**About this task**
Your reply should consist only of the lines from the one holding "Wunderschöne Frau mit Glas Wein — Stockfoto" to the last line of the data below, written out exactly and without pictures.

**** Dataset content

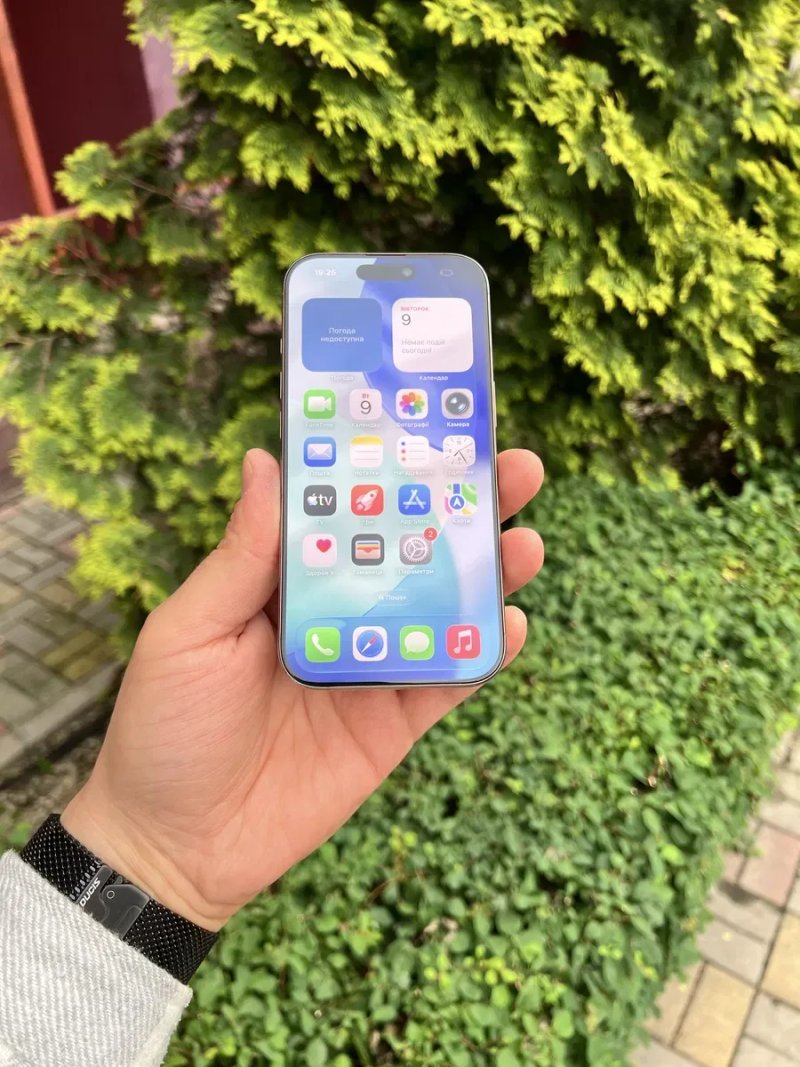 iPhone 16Pro 128Gb eSIM з гарантією — фото 2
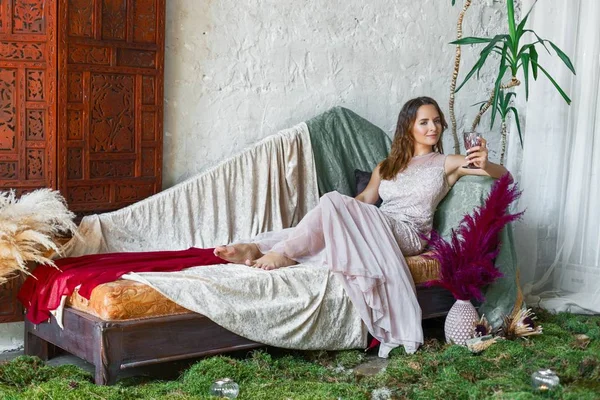 Wunderschöne Frau mit Glas Wein — Stockfoto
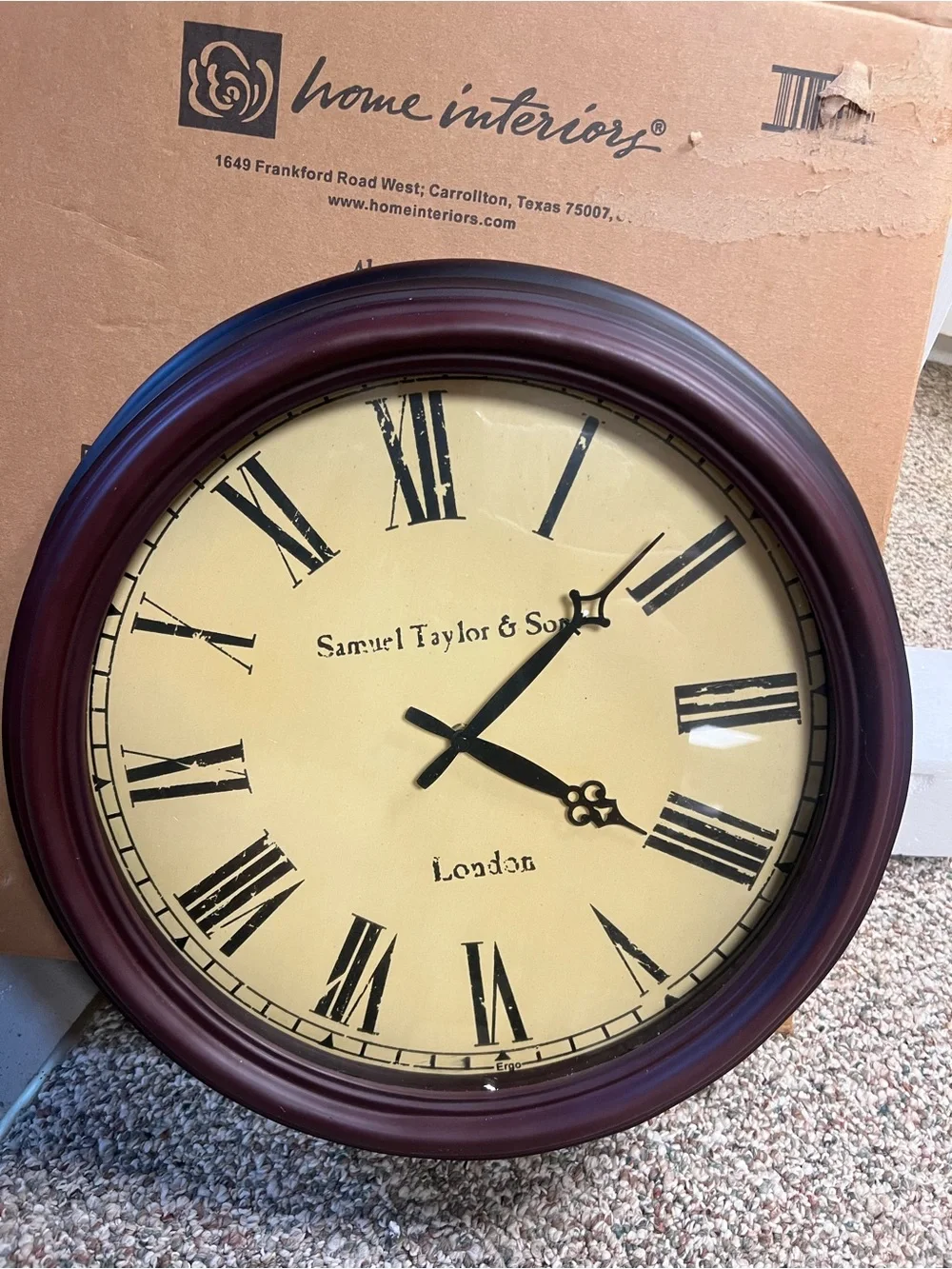 Vintage-Style Wall Clock in dark cherry wood and Cream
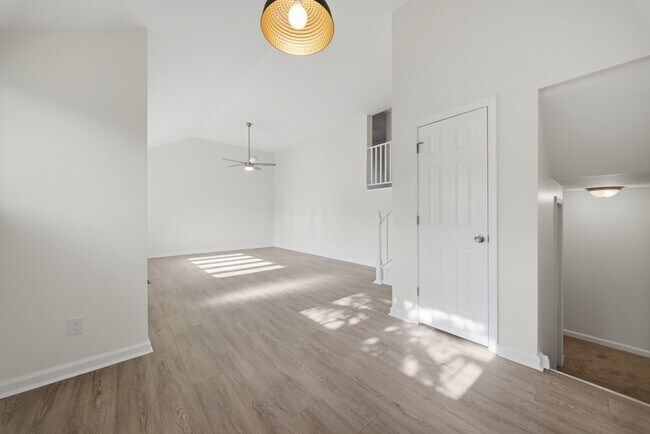 Building Photo - 313 Beacon Hill Ct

********

**Response area**
 Wunderschöne Frau mit Glas Wein — Stockfoto
 Vintage-Style Wall Clock in dark cherry wood and Cream
 Building Photo - 313 Beacon Hill Ct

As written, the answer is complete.